Salah satu atau mungkin satu-satunya sinetron yang rajin saya tongkrongi belakangan ini adalah "Tukang Bubur Naik Haji" yang tayang di RCTI sehabis magrib. Saya suka sinetron ini karena mengangkat realita kehidupan sehari-hari.
Critanya semalam kami ngumpul sekeluarga sambil ngajak main Hafizh yang belum mau tidur. Kebetulan ada adegan Mak Nok yang biasa dengan gaya sombong sesukanya maki-maki orang, tiba-tiba Hafizh yang duduk di pangkuan adek saya brontak dan marah. Reaksi yang biasa diberikan Hafizh jika dipaksa makan kalo dah kenyang atau karena bosan dibecandain mulu. Sejenak kami terdiam dan bengong melihat reaksi Hafizh yang spontan dan kemudian kembali biasa-biasa aja setelah pandangannya beralih dari TV. Serentak kami tertawa dan adek saya berkomentar, "tuh kan, Hafizh aja ngak suka sama mak Nok. Jadi kalo besar nanti ngak boleh sombong ya Nak"!
Cuplikan adegan kemarahan Hafizh itu akhirnya jadi bahan diskusi kami. Ternyata sejak kecil kita telah dibekali akal fikiran (mungkin bagi anak di usia dini disebut instink) untuk membedakan mana yang baik dan yang buruk dan secara alami kita tidak menyukai hal-hal jelek. Hanya saja seiring bertambahnya usia dan pengaruh lingkungan yang beraneka ragam membuat sensitifitas kita untuk menolak setiap hal jelek dan melakukan sebaliknya tergerus. Apalagi kalau dalam tahap masa perkembangan tersebut kita tidak dibekali dan terus menerus diingatkan akan nilai, sopan-santun, adab dan berbagai pendidikan moral dan agama lainnya.

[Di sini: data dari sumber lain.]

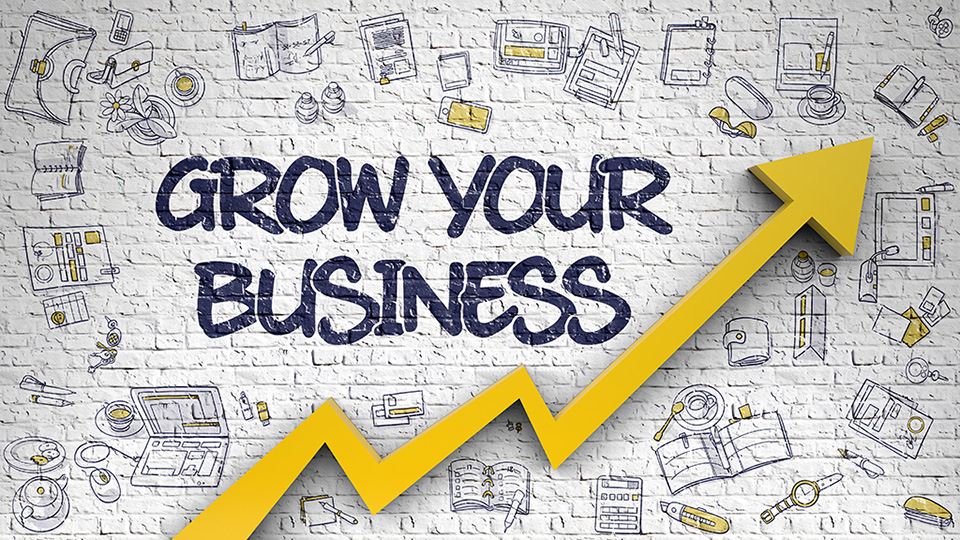 Grow Your Business Drawn on White Wall.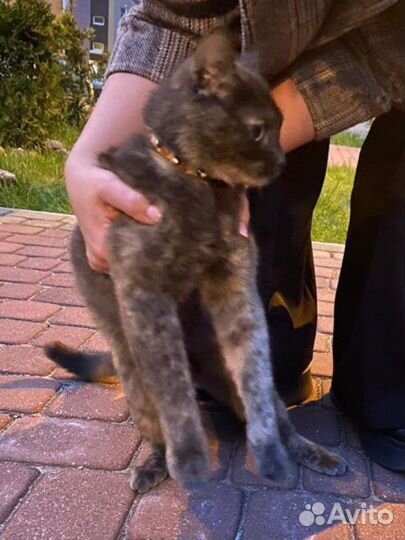 Найден котенок с ошейником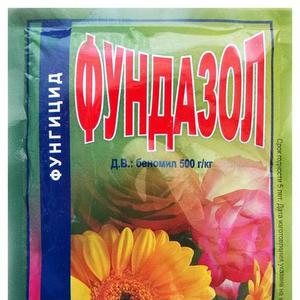 A variety with a melon aroma and high yield - pumpkin Rossiyanka and the secrets of its cultivation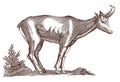 Chamois rupicapra in profile view standing in a landscape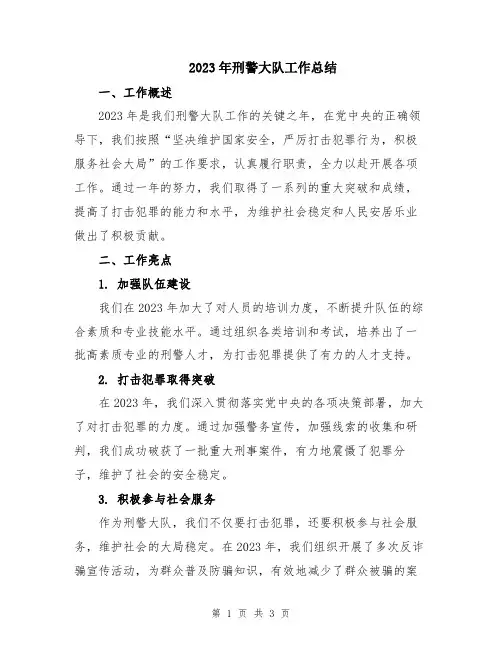 2023年刑警大队工作总结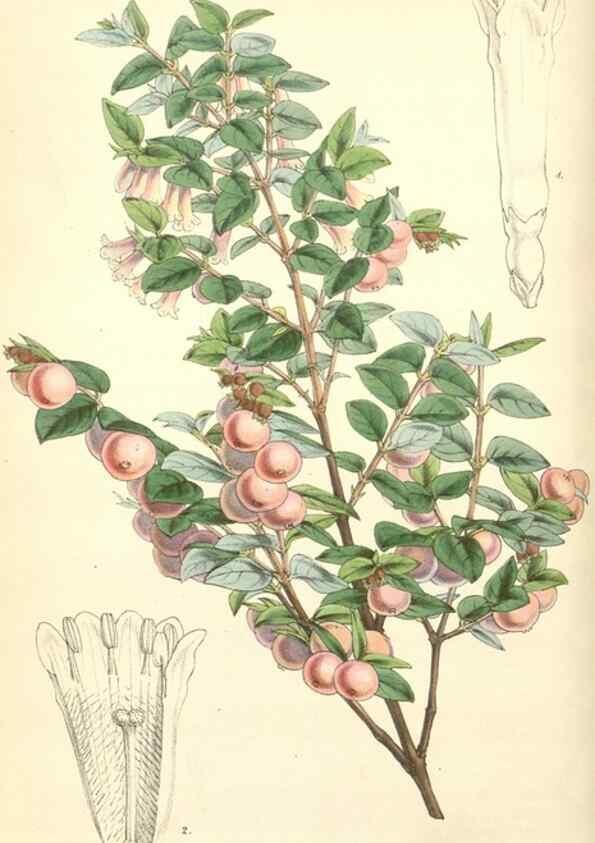 Reproducción/Reproduction 35272922185: Curtis's botanical magazine.. London ; New York [etc.] :Academic Press [etc.]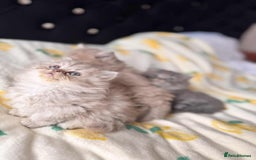 British Longhair cats for sale: British long hair kittens - Image 12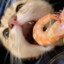 salteyshrimp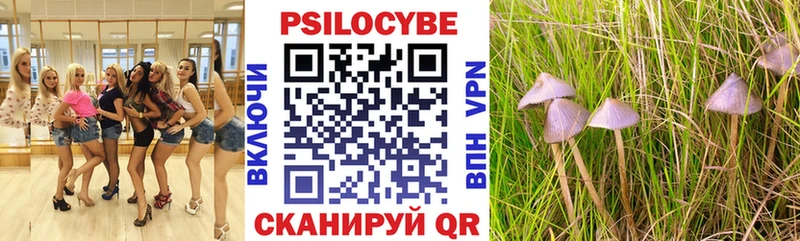 цены наркотик Пойковский Псилоцибиновые грибы Psilocybine cubensis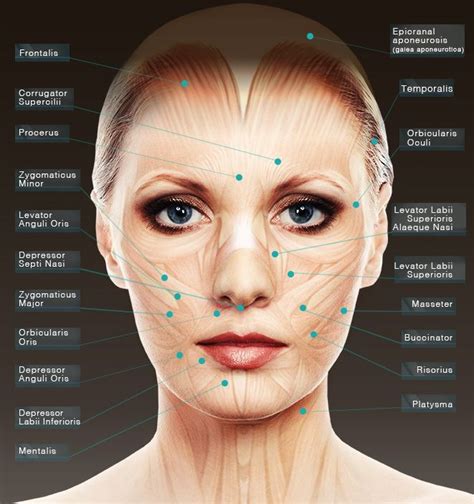 Facial Muscles For Botox Injections Botoxalternative Facial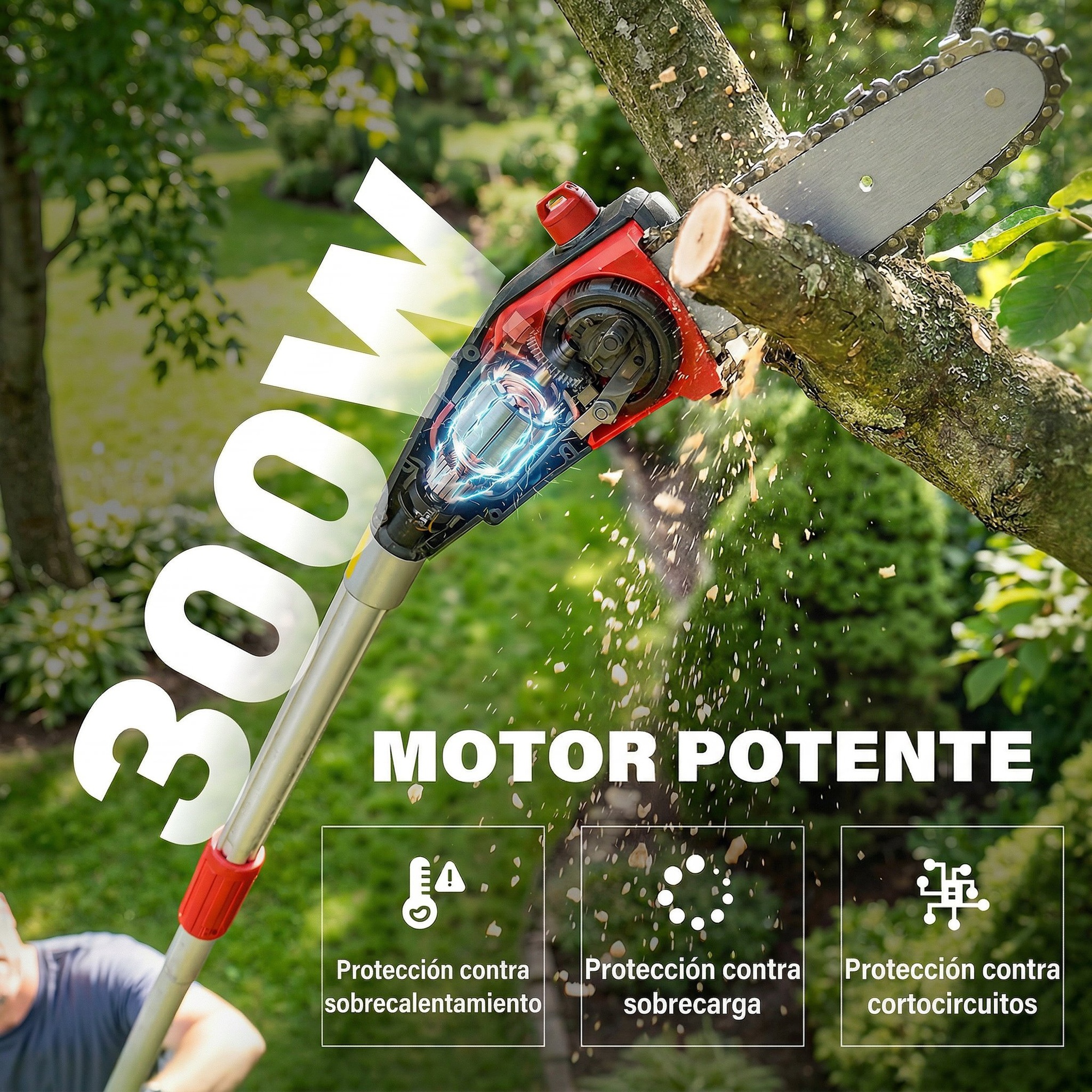 T1008-01-10493 image 1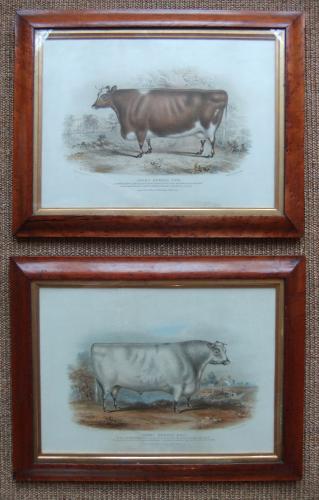 Cattle naive primitive livestock old prints lithographs cow bull animal pictures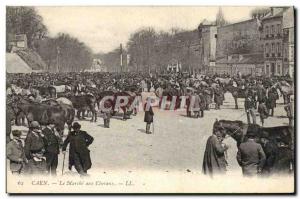 Old Postcard Horse Riding Equestrian Caen Le Marche horses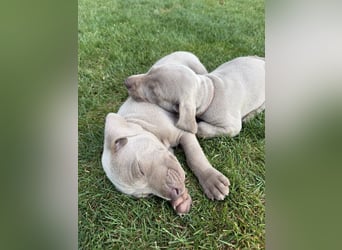 Weimaranerwelpen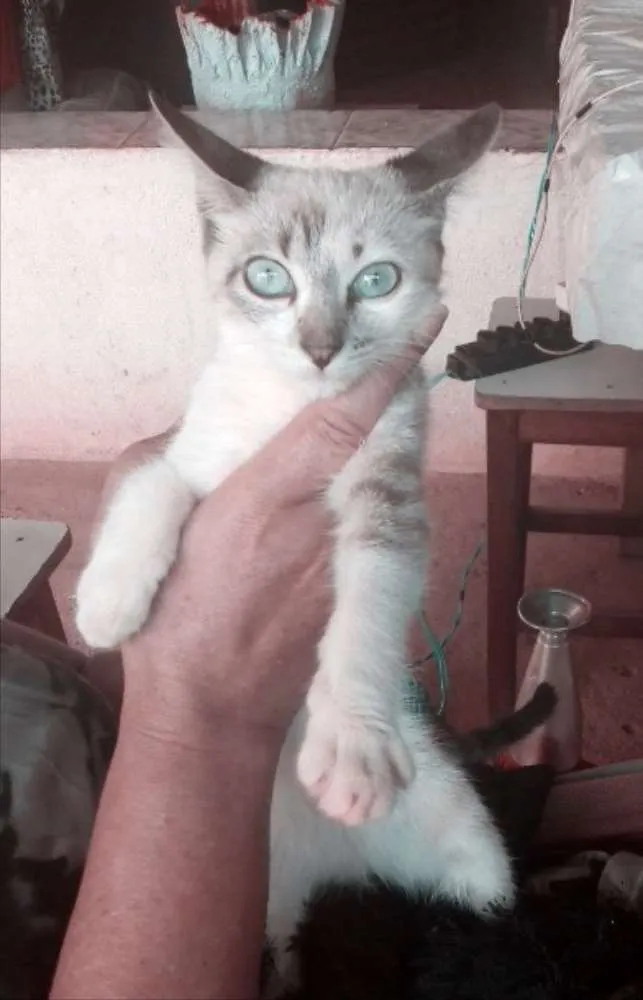 Gato ra a SRD idade 2 a 6 meses nome Akira 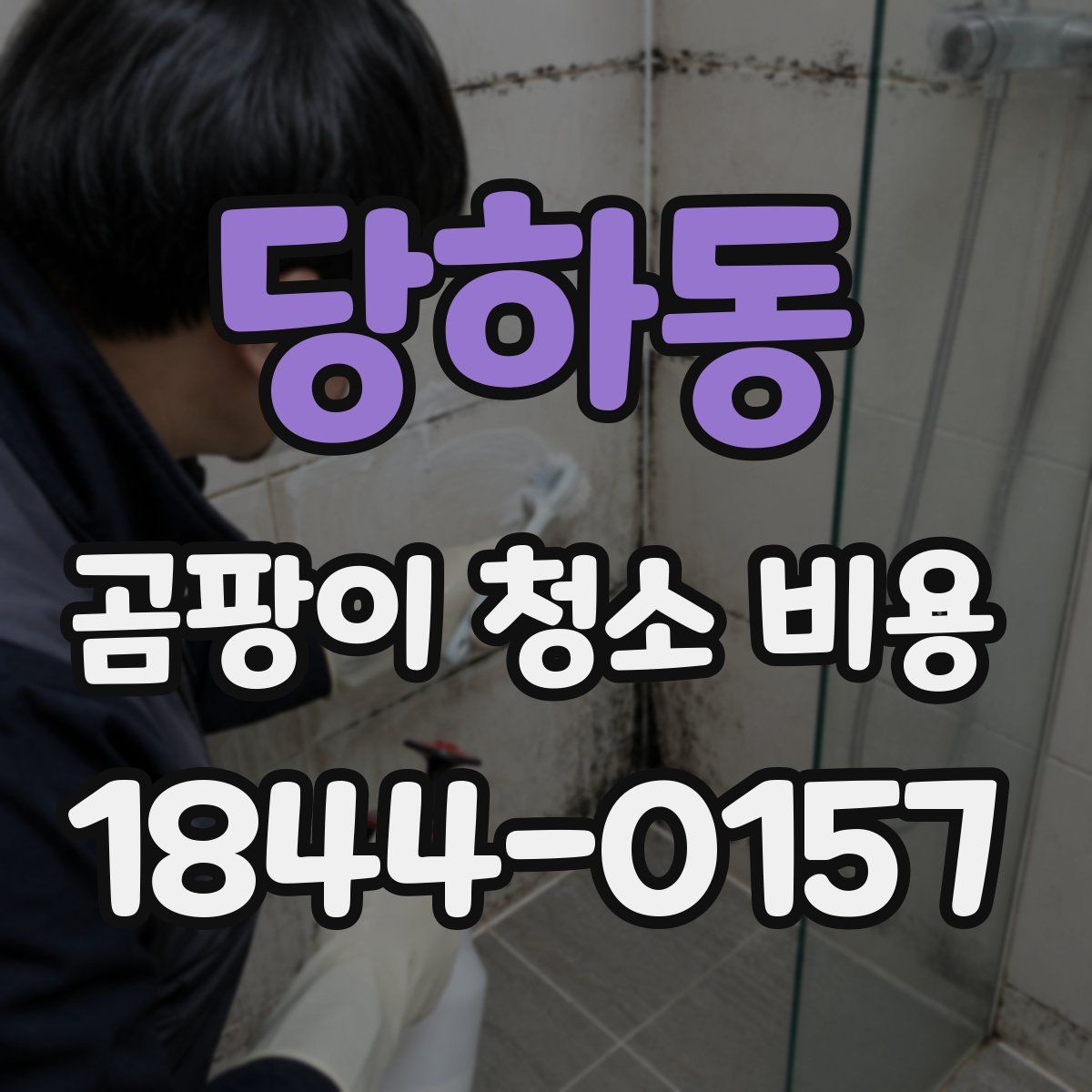 당하동 곰팡이 청소 비용
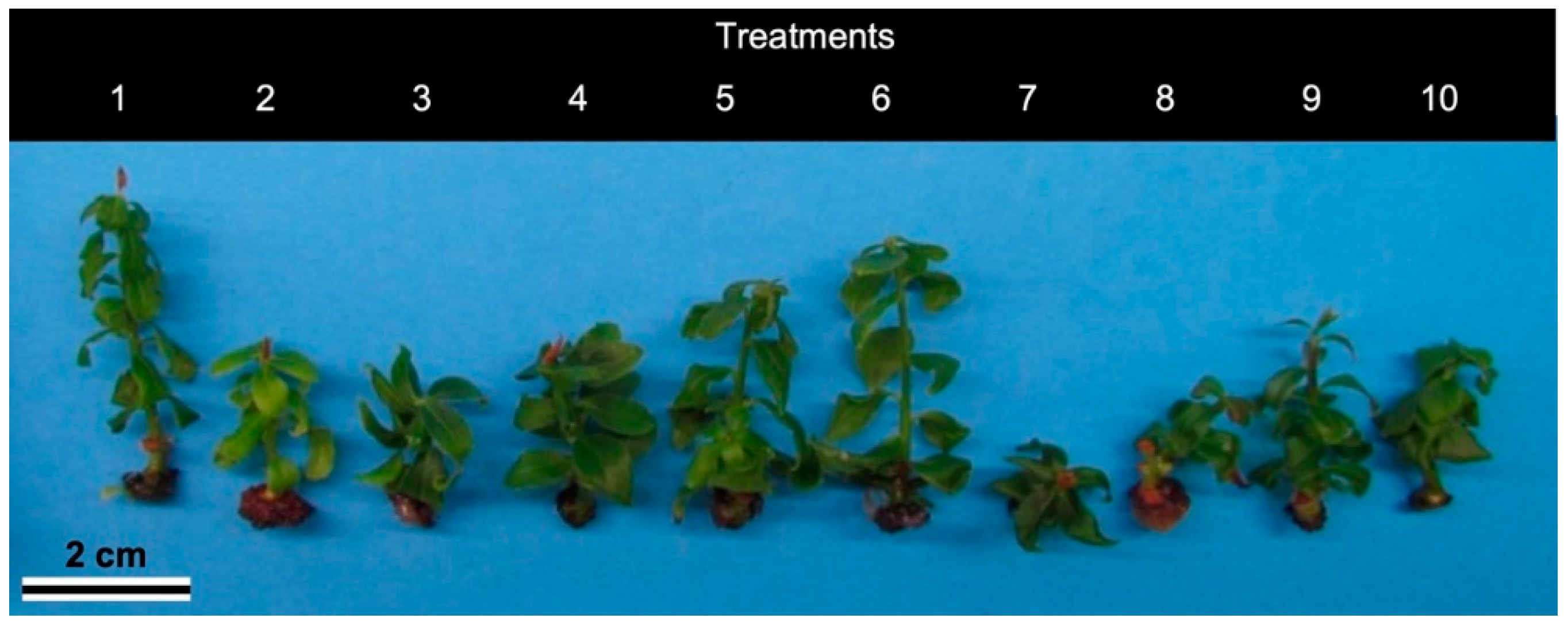 Horticulturae 05 00024 g003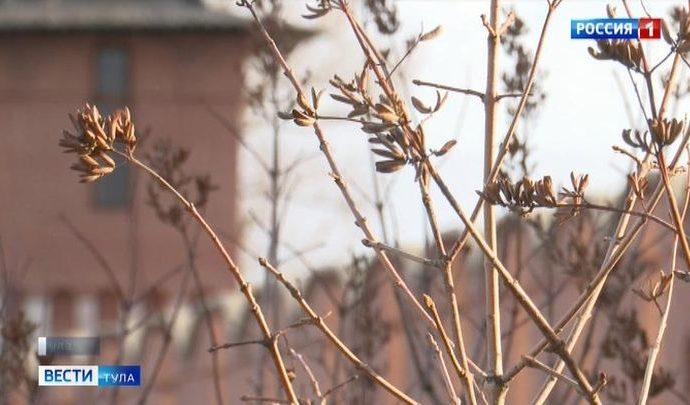 Февраль бьёт рекорды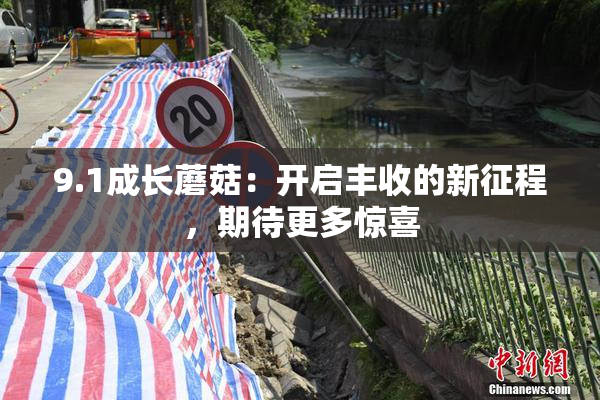 9.1成长蘑菇：开启丰收的新征程，期待更多惊喜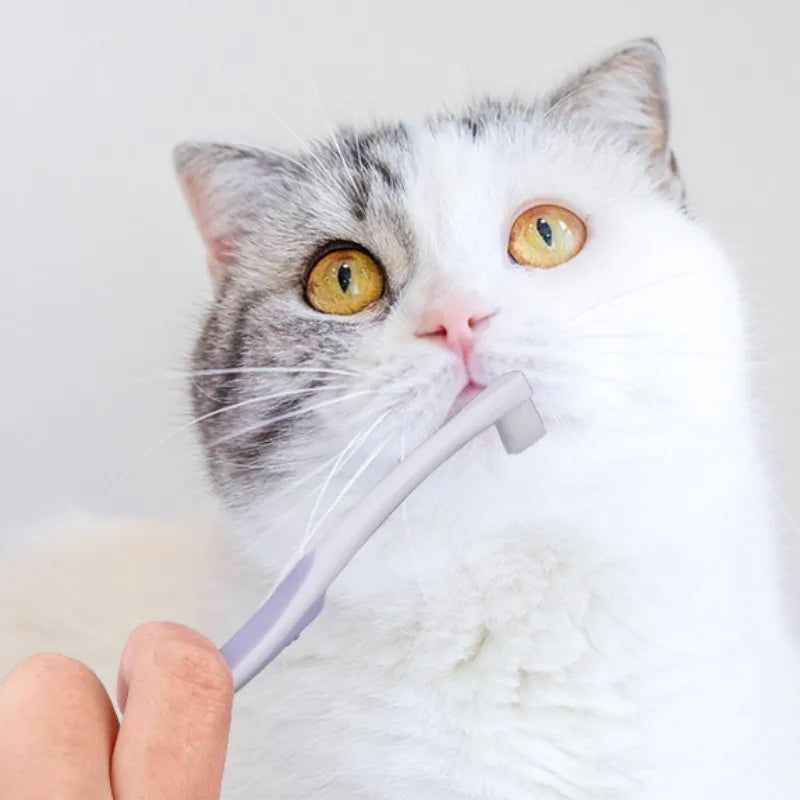 Soft Bristle Dog Toothbrush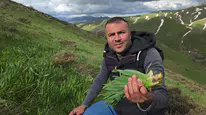Dağlarda yetişen doğal antibiyotik: İlaçtan ucuz sağlık
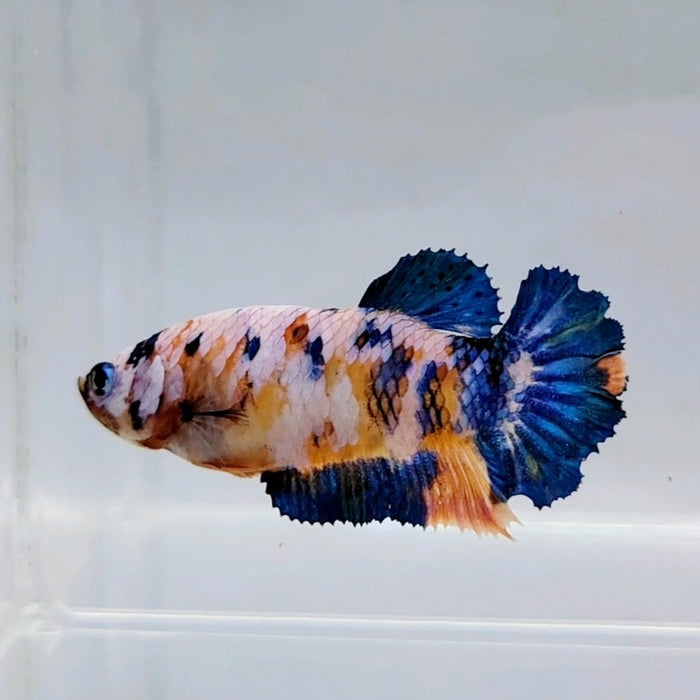 Galaxy Koi Female Betta Fish GK-0553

jadi bagaimana dengan kita yang telah terlanjur terpolusi (merasa sendiri)? Hati kita bukanlah batu yang tidak bisa di rubah. Yang perlu kita lakukan mungkin me-refress-nya lagi supaya setulus dan semurni bayi yang baru lahir. Ngak mungkin? Tak ada kata tak mungkin kalo kita mau mencoba. Ngak mungkin persis tapi mungkin saja mendekati. Yah tergantung kita.